Daze of My Life: Pride in Perseverance

Daze of My Life
Pride in Perseverance
by Kenneth B. Lourie

Baseball is back and the nation's capitol, Washington, DC., has them. For the next three years, RFK stadium, or whatever money-generating equivalent name it will be called, will be home to the former Montreal Expos, now known as, once and for all, and hopefully for ever, the Washington Nationals. Thereafter, the team will move across the river to Anacostia and take residence in a brand new ballpark (with its own corporate sponsorship no doubt) which it has been said, will be designed in a way "to change the paradigm" (whatever that means) "of baseball stadiums forever."
Personally, I'd rather see better ballplayers and less paradigming, but Major League Baseball simply won't take $300 million (the projected sale price of the former Expos) for an answer. They want a downtown stadium with all the bells and whistles, not to mention the ever-required, luxury boxes, views of the city, and mass transit-friendly accessibility with as much public financing that can be squeezed out of a turnip--making that municipal authority and/or elected official position him or herself for a bigger piece of the political pie.
Having lost the Washington Senators twice before (the original and subsequent expansion franchises) and been spurned on numerous occasions as Major League Baseball expanded into Toronto with the Blue Jays, into Arizona with the Diamondbacks, into Colorado with the Rockies, and into Florida twice, with the Devil Rays in Tampa Bay and the Marlins in South Florida, and also watched as other struggling franchises were road-blocked by MLB from relocating to the demographically desirable Washington, DC. area, fan's hopes had often been quashed.
Thirty-four years had already come and gone.
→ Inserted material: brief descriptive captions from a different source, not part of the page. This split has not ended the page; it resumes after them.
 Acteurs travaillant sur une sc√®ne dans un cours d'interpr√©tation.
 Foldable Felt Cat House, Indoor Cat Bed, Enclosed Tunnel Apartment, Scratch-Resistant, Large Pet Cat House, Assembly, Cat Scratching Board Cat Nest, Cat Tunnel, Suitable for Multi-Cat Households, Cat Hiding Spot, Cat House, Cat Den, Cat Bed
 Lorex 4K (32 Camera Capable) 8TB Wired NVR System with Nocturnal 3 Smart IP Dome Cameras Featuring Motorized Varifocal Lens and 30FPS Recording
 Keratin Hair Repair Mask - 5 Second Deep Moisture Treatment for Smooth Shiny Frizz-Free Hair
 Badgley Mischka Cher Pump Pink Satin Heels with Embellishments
Why would this year be any different? And then it happened. Washington, DC. Mayor, Anthony Williams, announced that after protracted negotiations with Major League Baseball, "Baseball was rounding third and heading for home to Washington, DC. Isn't that great!" The deal was done, or so we were told. Mayor Williams had given his word that not only could he stand; he could deliver. Well, a few wobbles later and perhaps with some politicking or shrew governing (depending on your perspective) by DC.
Council Chairwoman, Linda Cropp, a Council-approved deal was done. Not exactly a deal signed with a kiss but instead one passed to include a public/private partnership-type financing package with certain guarantees and stadium cost overrun protections to assuage enough of the Council's voting members to rule by majority and vote for Baseball in Washington, DC. in 2005.
And here we are a week after Opening Day: Brad Wilkerson got the team's first hit, Nick Johnson scored the first run and the franchise got its first win, against the Philadelphia Phillies. By the time this column prints, barring any weather-related cancellation, the Nationals will have played their first, for-real, non-exhibition, home game since 1971. And even though the team is not called the Senators anymore, they're still referred to as the "Nats," just as the original Senators were. Is that symmetry beautiful or what!
What goes around comes around, and after all the disappointments and heartache us Washington-area baseball fans have endured over the past 34 years, it turns that this Bud (Commissioner Selig, that is) is for us. Here, here--finally.

Lourie is a regionally syndicated columnist who resides in Burtonsville, MD.